----- Exercise data -----

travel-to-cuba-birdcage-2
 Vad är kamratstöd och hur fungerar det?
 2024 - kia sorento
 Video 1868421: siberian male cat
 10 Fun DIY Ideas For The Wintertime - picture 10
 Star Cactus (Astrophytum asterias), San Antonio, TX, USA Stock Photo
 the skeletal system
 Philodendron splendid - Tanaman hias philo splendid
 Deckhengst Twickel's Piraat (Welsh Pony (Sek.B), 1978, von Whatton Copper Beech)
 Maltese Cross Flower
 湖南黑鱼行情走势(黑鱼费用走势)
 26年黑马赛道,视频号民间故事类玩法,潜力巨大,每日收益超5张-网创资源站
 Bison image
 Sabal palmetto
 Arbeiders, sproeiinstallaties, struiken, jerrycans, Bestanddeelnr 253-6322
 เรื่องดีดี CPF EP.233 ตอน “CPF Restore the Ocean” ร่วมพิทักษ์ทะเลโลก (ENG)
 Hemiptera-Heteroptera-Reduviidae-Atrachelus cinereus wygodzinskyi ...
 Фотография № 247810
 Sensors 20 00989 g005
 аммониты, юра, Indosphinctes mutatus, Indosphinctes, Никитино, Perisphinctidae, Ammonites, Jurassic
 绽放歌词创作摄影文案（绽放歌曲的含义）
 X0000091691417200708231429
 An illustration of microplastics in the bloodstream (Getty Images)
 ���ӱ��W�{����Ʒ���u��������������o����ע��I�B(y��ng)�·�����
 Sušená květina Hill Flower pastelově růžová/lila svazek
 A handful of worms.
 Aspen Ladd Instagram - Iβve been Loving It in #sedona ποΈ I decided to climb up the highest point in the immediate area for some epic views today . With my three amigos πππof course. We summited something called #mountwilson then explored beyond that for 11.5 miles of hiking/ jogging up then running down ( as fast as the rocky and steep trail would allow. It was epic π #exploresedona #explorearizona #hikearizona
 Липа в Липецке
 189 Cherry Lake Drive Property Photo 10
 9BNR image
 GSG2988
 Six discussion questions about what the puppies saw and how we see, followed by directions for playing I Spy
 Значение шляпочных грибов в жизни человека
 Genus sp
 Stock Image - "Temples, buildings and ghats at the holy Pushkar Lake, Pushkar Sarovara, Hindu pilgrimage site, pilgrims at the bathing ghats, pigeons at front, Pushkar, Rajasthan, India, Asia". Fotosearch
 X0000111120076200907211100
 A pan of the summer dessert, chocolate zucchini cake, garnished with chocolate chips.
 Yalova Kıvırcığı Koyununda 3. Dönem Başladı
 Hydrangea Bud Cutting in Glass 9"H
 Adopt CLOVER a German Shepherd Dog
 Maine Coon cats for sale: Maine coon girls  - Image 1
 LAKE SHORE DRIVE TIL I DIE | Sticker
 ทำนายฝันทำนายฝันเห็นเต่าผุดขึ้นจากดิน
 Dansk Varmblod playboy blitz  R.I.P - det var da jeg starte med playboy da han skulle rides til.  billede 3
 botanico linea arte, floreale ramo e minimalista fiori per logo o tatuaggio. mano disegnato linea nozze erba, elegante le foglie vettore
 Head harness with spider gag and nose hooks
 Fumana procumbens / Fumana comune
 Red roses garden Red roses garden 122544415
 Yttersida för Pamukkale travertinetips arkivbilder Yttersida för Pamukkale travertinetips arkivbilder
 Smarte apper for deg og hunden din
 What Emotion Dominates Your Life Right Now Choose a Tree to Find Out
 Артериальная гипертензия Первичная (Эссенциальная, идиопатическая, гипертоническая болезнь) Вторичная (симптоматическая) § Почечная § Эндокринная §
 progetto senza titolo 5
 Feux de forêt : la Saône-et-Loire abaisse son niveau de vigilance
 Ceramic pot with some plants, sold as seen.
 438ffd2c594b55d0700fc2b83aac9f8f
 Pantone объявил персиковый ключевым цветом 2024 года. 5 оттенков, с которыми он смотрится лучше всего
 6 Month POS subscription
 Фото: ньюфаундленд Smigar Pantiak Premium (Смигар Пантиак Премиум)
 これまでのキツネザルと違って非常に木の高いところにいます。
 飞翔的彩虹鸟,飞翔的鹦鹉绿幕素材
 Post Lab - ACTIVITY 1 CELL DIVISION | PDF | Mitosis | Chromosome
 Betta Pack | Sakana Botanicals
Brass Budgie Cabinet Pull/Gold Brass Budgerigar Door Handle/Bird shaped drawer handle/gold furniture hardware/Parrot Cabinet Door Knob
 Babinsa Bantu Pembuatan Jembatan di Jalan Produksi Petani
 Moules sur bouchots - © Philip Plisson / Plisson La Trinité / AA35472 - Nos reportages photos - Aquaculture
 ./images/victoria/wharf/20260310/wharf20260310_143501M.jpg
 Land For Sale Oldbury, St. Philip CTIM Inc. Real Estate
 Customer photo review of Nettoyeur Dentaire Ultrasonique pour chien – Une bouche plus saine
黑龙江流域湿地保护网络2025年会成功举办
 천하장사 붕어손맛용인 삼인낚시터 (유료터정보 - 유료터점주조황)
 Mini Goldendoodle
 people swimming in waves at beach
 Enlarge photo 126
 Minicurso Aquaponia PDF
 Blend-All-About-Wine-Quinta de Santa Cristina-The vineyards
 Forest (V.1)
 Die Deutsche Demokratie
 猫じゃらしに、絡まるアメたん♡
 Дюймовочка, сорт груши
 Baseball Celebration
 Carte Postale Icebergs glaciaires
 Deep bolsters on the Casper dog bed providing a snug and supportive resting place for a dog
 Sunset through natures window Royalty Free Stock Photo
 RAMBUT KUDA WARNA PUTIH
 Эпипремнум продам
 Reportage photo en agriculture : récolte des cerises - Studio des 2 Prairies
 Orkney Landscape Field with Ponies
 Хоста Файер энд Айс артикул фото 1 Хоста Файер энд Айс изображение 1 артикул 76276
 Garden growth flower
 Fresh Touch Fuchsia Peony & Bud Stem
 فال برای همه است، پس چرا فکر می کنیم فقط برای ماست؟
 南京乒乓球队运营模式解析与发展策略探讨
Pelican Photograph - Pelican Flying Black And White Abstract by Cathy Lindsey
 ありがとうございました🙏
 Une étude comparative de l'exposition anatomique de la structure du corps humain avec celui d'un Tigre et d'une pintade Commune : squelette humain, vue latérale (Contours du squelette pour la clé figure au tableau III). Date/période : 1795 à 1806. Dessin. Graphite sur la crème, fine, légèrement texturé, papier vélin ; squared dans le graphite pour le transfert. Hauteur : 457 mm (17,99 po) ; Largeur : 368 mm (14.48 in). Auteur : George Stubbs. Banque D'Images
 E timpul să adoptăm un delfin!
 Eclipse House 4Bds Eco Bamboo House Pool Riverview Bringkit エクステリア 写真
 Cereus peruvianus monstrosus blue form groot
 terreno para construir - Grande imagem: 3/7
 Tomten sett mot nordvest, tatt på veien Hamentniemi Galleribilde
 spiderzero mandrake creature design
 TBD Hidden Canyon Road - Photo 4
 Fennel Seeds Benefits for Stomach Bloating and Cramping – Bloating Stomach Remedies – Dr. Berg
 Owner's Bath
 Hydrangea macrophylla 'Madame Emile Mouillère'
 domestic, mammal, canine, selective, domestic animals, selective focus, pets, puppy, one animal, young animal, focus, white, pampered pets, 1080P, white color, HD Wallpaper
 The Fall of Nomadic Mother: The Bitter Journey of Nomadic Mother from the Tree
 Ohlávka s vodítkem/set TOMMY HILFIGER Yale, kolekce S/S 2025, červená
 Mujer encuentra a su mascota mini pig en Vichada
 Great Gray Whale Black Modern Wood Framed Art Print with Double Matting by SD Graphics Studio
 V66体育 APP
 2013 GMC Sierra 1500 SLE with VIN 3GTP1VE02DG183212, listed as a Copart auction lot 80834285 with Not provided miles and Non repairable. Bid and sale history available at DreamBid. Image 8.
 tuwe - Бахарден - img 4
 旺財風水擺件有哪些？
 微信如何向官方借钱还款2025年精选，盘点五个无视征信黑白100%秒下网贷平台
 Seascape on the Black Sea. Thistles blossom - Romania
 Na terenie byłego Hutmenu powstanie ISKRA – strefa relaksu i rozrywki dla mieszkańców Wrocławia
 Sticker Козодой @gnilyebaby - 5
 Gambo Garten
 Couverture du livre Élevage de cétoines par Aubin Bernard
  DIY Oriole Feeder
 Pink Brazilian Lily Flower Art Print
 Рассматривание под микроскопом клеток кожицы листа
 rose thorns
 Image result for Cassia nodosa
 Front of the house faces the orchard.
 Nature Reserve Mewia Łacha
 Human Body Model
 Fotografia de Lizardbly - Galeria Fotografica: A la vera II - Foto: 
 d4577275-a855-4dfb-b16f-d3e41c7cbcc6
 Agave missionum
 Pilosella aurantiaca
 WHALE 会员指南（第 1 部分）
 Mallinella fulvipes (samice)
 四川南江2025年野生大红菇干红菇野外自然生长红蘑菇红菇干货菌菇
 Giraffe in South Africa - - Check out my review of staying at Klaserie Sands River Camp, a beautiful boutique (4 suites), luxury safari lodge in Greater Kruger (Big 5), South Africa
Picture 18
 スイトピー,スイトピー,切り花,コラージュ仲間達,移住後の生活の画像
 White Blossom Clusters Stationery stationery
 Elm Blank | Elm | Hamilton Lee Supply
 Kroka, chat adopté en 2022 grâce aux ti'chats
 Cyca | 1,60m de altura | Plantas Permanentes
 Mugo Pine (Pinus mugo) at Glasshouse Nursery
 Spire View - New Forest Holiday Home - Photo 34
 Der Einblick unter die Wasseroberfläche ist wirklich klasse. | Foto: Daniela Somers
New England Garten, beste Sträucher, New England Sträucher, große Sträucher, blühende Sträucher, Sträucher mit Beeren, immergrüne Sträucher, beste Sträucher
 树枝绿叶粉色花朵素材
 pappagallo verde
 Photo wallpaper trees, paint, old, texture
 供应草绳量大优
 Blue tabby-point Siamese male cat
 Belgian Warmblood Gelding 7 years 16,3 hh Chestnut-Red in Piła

-----

Find each line holding the string "Black" in the listing above, then copy it.

### [Output for this exercise]
Pelican Photograph - Pelican Flying Black And White Abstract by Cathy Lindsey
 Great Gray Whale Black Modern Wood Framed Art Print with Double Matting by SD Graphics Studio
 Seascape on the Black Sea. Thistles blossom - Romania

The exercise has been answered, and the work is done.